There are lines which, if crossed, indicate that the subject might be a danger to other people even if they are expressed as ‘just fantasies’.
For example, some years ago there was an individual – a computer expert – caught ‘PhotoShopping’ the heads of his friends and neighbours’ children onto images of children being abused, with his own face superimposed in the position of abuser. There is no evidence he actually physically harmed any child himself; and that was his argument in defence both online and in court. Of course, it didn’t wash and rightly so, he done time and lost his position in society. This individual was by no means unintelligent or uneducated, in fact the position they held in life was not only one of trust but required an advanced graduate level education.
Elsewhere, consider the self righteous claptrap of Nigel Leigh Oldfield as he (ab)uses his intellect to justify his disgusting and harmful agenda. The ‘tack’ taken by him being in many ways very similar to my first example. – Both claim to be ‘mere fantasists’ who had never actually harmed a child.
…And there’s the issue; fantasising about sexually abusing children; that’s the line.
We can easily find evidence of how those who do that thing seek to circumvent the law which prevents them making or possessing images of child abuse. These include the production of ‘textual’ material featuring child abuse. And, as noted by the judge in the Hampstead case, video material of these two children repeating these sick sexual fantasies is likely to have been found ‘stimulating’ to those of that particular bent.
Outside of law enforcement or clinical study, I can think of no legitimate situation where someone might dwell at length on the minutia of sexual abuse.
Therefore, rather than being any kind of ‘good person’ exhibiting sheep-like compliance with the party line of ‘good’, these people are far more likely to be wallowing in and obtaining ‘satisfaction’ from the fantasy itself. Which is one reason why they are so resistant to it being ‘killed off’ and so desperate to keep the pot boiling.

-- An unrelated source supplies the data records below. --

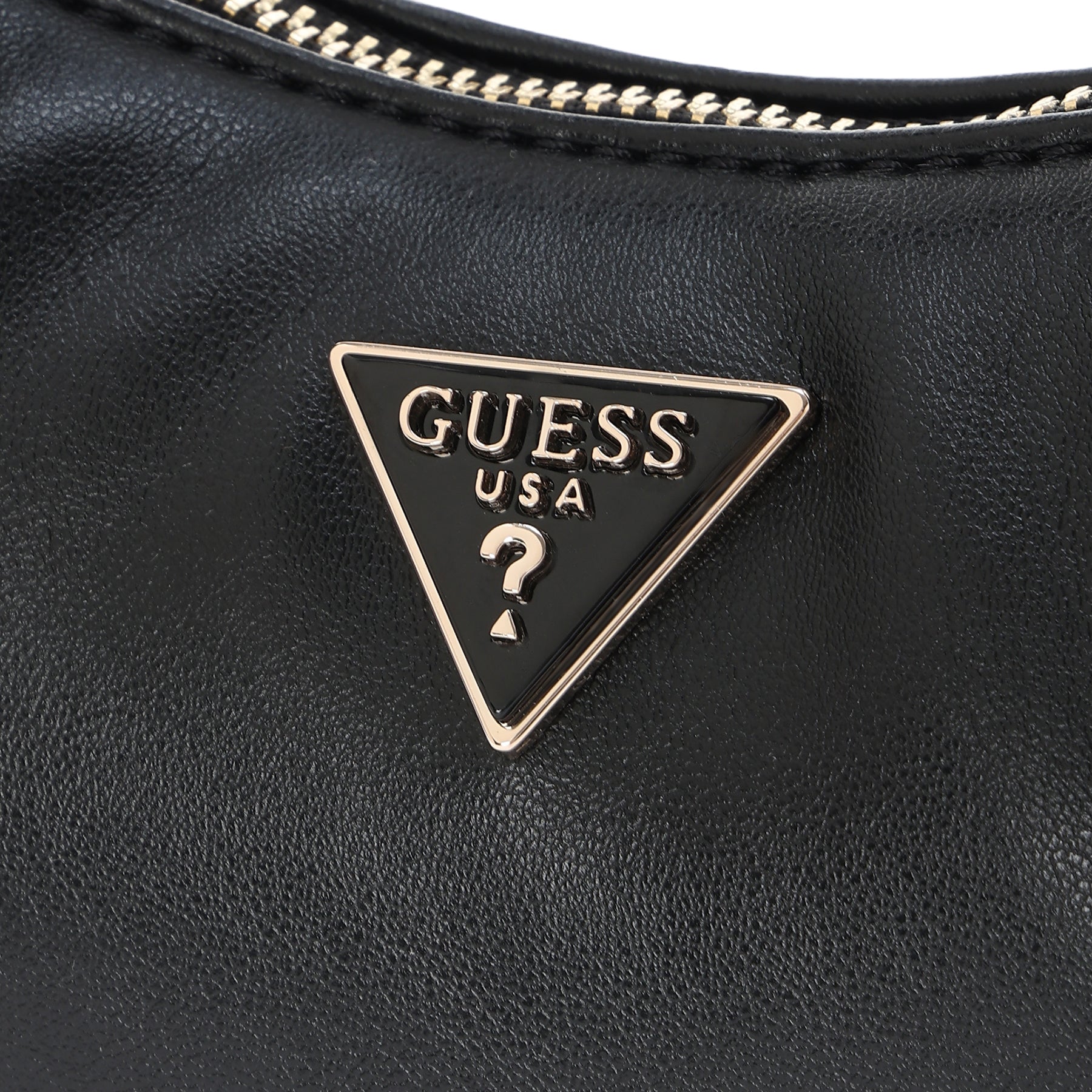 ゲス GUESS SUNETRA Mini Shoulder Bag (BON) BON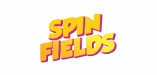 Spinfields Casino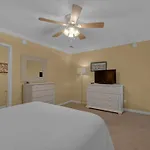 Crystal Villas A11 By Newman-Dailey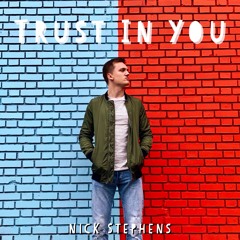 Trust In You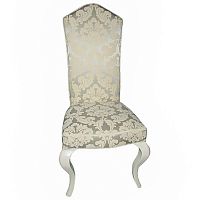 стул roma в Нижневартовске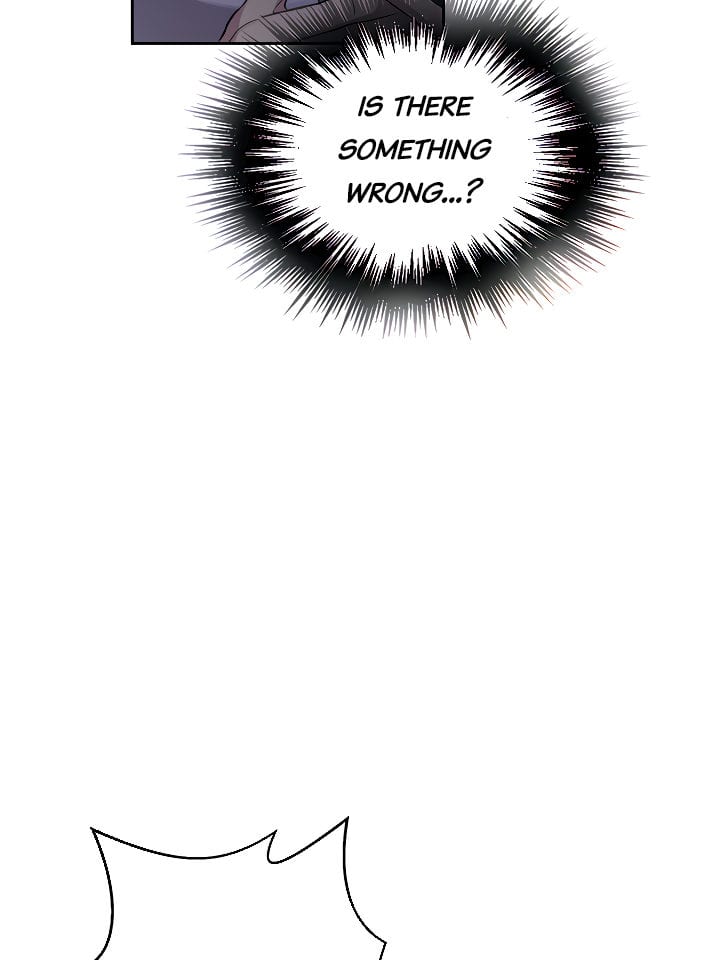 Secret Class Uncensored, chapter 85, page 79 of 108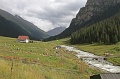 IMG_35278
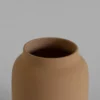 Vase en céramique - "Blanc 04"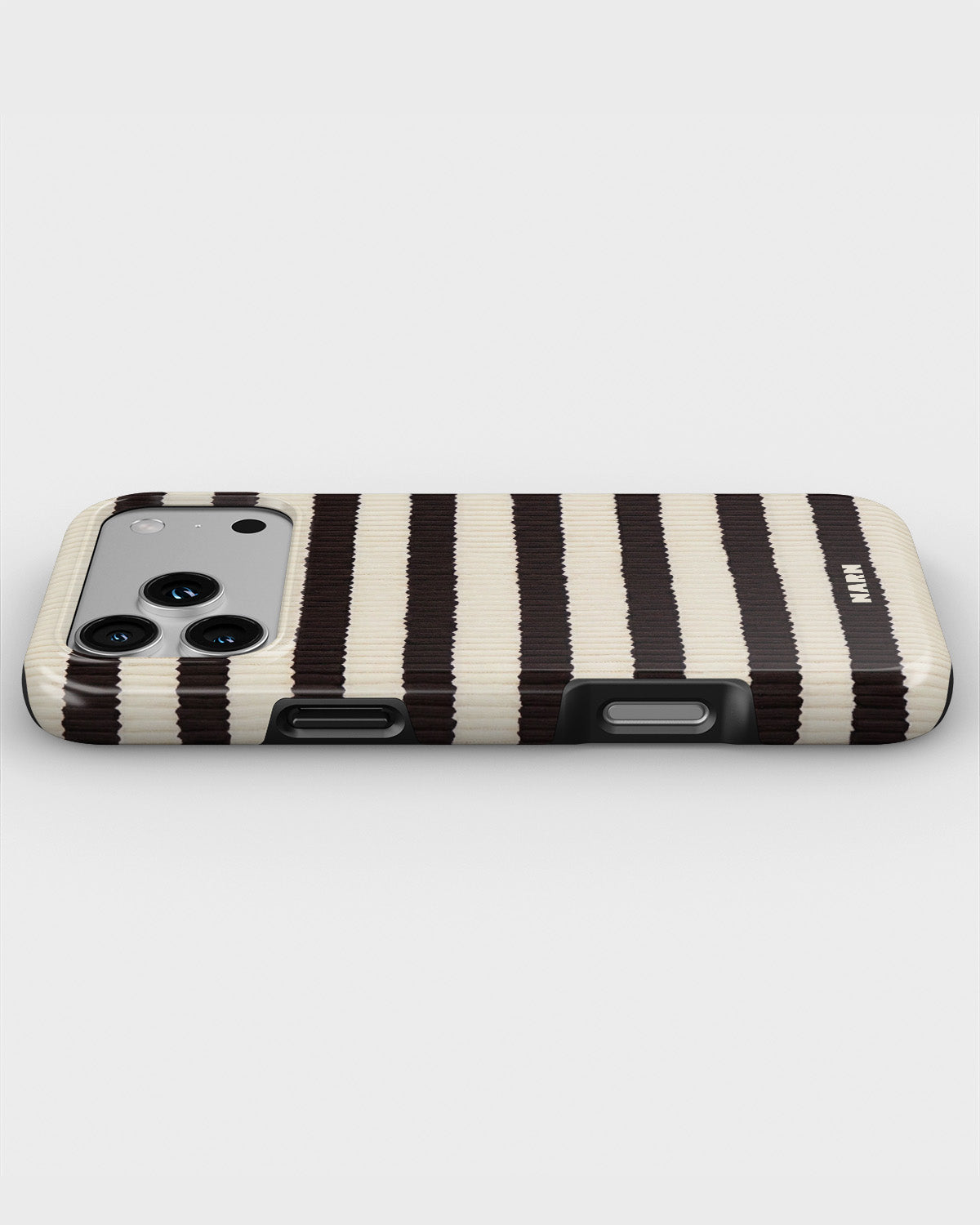 iPhone 17 Pro Max Tough Case – Seafarer - View 3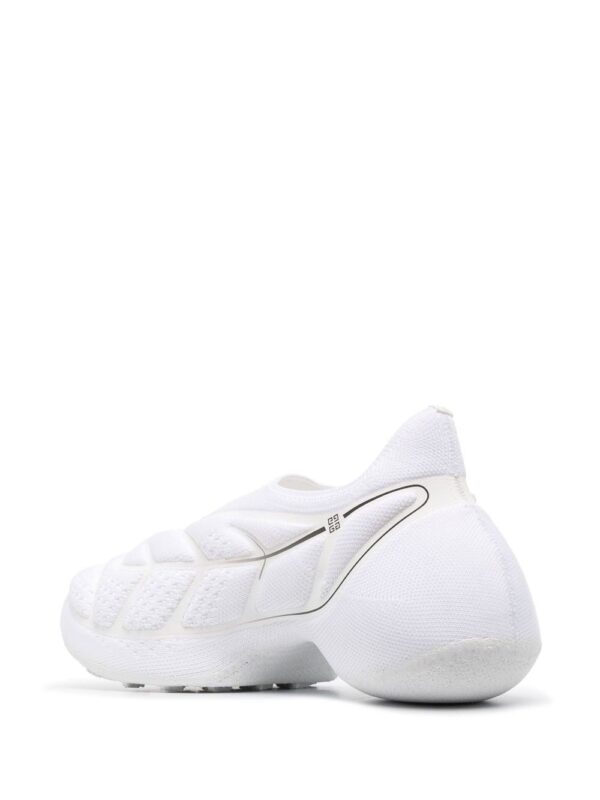 Givenchy TK-360 low-top sneakers - Image 3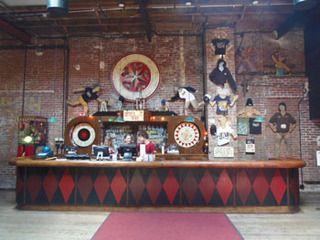 06.jpg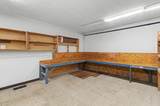6 Brooklyn Street - Photo 25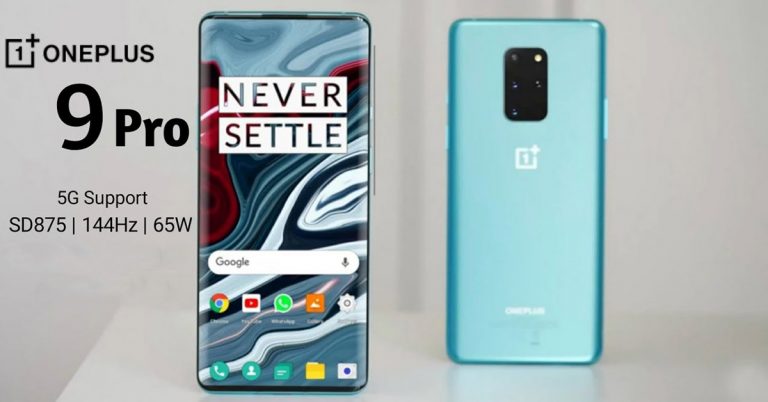 oneplus-9-pro-snapdragon-875-1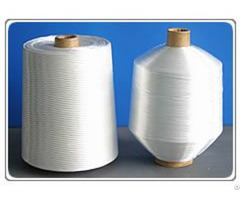 E Glass Fiberglass Filament Yarn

– This is their ‘pornography’.
This is absolutely correct: for many of the True Believers who’ve latched onto the Hampstead SRA hoax, the vivid descriptions of child sexual abuse do seem to represent a kind of pornography, from which they derive an illicit thrill. We’ve stated that on this blog many times in the past, and we still believe it’s true.
Rather than seeing the “Hoaxtead videos/textual material equals pornography” argument as in opposition to the “need to believe themselves to be what they think righteousness looks like” one, though, it’s entirely possible to see them as two sides of the same coin.
Those who get an illicit thrill from the descriptions of anal rape and child torture described in the Hoaxtead videos are arguably more in need of a compensatory sense of moral superiority than the rest of us. In old-fashioned Freudian terms, we could see this as a simple case of denial or compensation: a conscious or unconscious psychological strategy whereby one denies and covers up unacceptable desires and urges, substituting self-righteous indignation for fascination with child abuse images, for example.
As conspiracy theories proliferate online, we think it’s becoming increasingly important to understand the mindset of those who, for example, would choose to align with people like Abraham Christie and Ella Draper or their ilk. Those of us who continue to stand on the side of evidence, rationality, and reality can only continue to do so if we have some kind of working theory of what motivates those on the other side. Otherwise, we will continue to find ourselves attempting to reason with a metaphorical brick wall.